December brought mixed signals from China’s manufacturing sector, as indicated by two key indices: Caixin PMI and official NBS PMI. Caixin PMI Manufacturing slightly increased from 50.7 to 50.8, surpassing expectations of 50.4, suggesting a marginal yet steady expansion in the manufacturing sector. Notably, Caixin highlighted that both output and new orders are rising at faster rates, indicating increased production and demand within the industry.
However, the same period saw a dip in official PMI Manufacturing, which fell from 49.4 to 49.0. This decline suggests contraction in the sector, contrasting with optimism reflected in Caixin PMI data. The difference between these two indices can be attributed to their varied focus groups; Caixin PMI typically surveys small and medium-sized enterprises, while NBS PMI is more reflective of larger, state-owned companies.

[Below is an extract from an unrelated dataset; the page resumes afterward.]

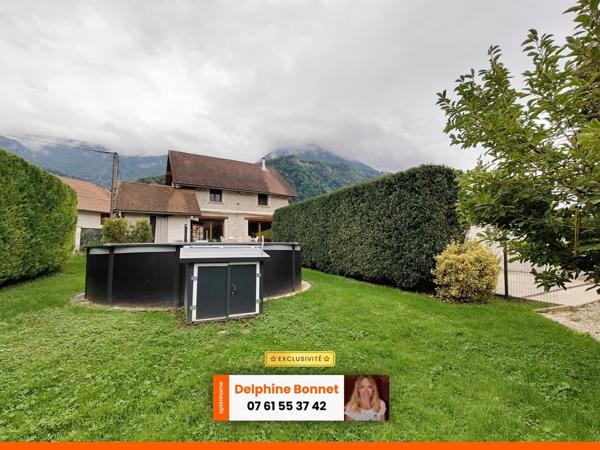 Centre village St Joseph de Rivière, très belle maison en pierre 110 m2 habitables avec terrain de 1 065 m2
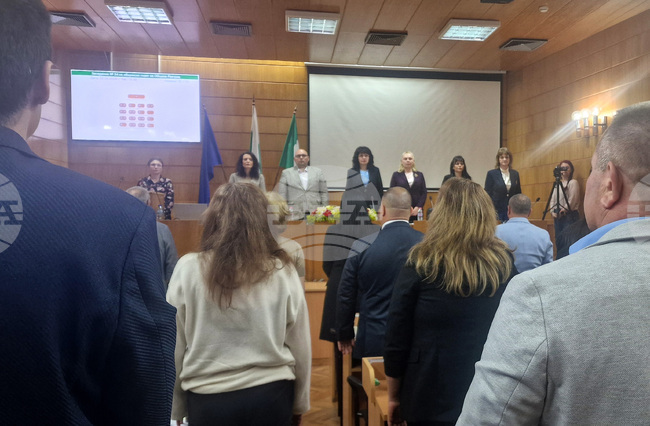 Школата по танци „Еми денс“ и солистката на Капанския ансамбъл Руска Станчева са новите носители на наградите на Община Разград за 24 май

Wang Zhe, Senior Economist at Caixin Insight Group, emphasized the improved economic outlook for the manufacturing sector, with expanding supply and demand, and stable price levels. Yet, he also pointed out significant challenge in employment, highlighting businesses’ cautious approach in areas like hiring, raw material purchasing, and inventory management.
On the other hand, NBS PMI Non-Manufacturing showed a slight improvement, rising from 50.2 to 50.4. This marginal increase suggests a modest expansion in China’s services sector.